Tanguy Ngombo

Al Rayyan Doha
- Position: Small forward

Personal information
- Born: July 18, 1984 (age 41) [disputed] Brazzaville, People's Republic of the Congo
- Listed height: 6 ft 6 in (1.98 m)
- Listed weight: 204 lb (93 kg)

Career information
- NBA draft: 2011: 2nd round, 57th overall pick
- Drafted by: Dallas Mavericks
- Playing career: 2005–2020

Career history
- 2005–2006: Inter Club Brazzaville
- 2006–2020: Al Rayyan
- Stats at Basketball Reference

= Tanguy Ngombo =

Qatari basketball player (born 1984)

Tanguy Alban Harrys Ngombo, often incorrectly written as Targuy Ngombo (born July 18, 1984 [disputed]), is a Congolese–Qatari professional basketball player who plays for Al Rayyan of the Qatari Basketball League. He has represented the Qatari national team in international competition. He was drafted by the Dallas Mavericks with the 57th pick in the 2011 NBA draft. His draft rights were subsequently traded to the Portland Trail Blazers and then to the Minnesota Timberwolves. He is the first Qatari national basketball player to be selected in the NBA draft.

==Career==
Ngombo has played in Qatar since 2006 after playing for the Inter Club Brazzaville in his home nation of the Congo. In 2011, he helped Al Rayyan win the Qatar Basketball League. He led his team in scoring and rebounds, averaging 20.7 points and 8.9 rebounds per game. He then helped Al-Rayyan finish third in the FIBA Asia Champions Cup while averaging 16.3 points per game.

Ngombo has represented the Qatari national team since 2010. He played in the 2010 FIBA Asia Stanković Cup, helping Qatar win the bronze medal. He played in all 7 games and led the team in scoring in every game with an average of 30.0 points per game. He then played for Qatar in the 2010 Asian Games in Guangzhou, China. He played in all 8 games, averaging 19.6 points per game as Qatar finished in 5th place.
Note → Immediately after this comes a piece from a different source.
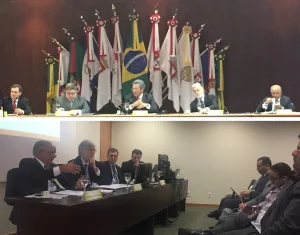 Iteano participa da I Jornada de Processo Civil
On June 23, 2011, he was drafted by the Dallas Mavericks with the 57th pick in the second round of the 2011 NBA draft. His draft rights were immediately traded to the Portland Trail Blazers as part of a three-team trade with the Denver Nuggets. The Blazers then traded his rights to the Minnesota Timberwolves in exchange for a future second-round pick. His rights were ultimately removed by Minnesota a month after general manager David Kahn was fired and replaced by Flip Saunders.

==Age discrepancy==
In 2005, Ngombo, who was still playing with Congolese team Inter Club Brazzaville, was listed as being born on July 18, 1984, in the 2005 FIBA Africa Clubs Champions Cup. A few years later, he was listed as being born in 1989 by FIBA Asia in the 2010 FIBA Asia Champions Cup, the 2010 FIBA Asia Stanković Cup and the 2010 Asian Games. However, in 2011, FIBA published a piece of contradictory information by listing 1984 as Ngombo's birth year on the Qatar roster for the 2011 FIBA Asia Championship.

At the 2011 NBA draft, he was selected as Targuy Ngombo, who was a soon-to-be 22 year old player born in 1989. After the draft, reports surfaced claiming that Ngombo lied about his name and his birth date and that he was actually born in 1984, which would have made him ineligible for the draft. The NBA rules state that an international player who is over the age of 22 is not eligible for the draft and must be signed as a free agent. Additionally, the use of the name Targuy was a misspelling; he was often listed under that name in several FIBA competitions. His trade to the Timberwolves, which was first reported on the night of the draft, was reportedly being held up for several days because of the age discrepancy.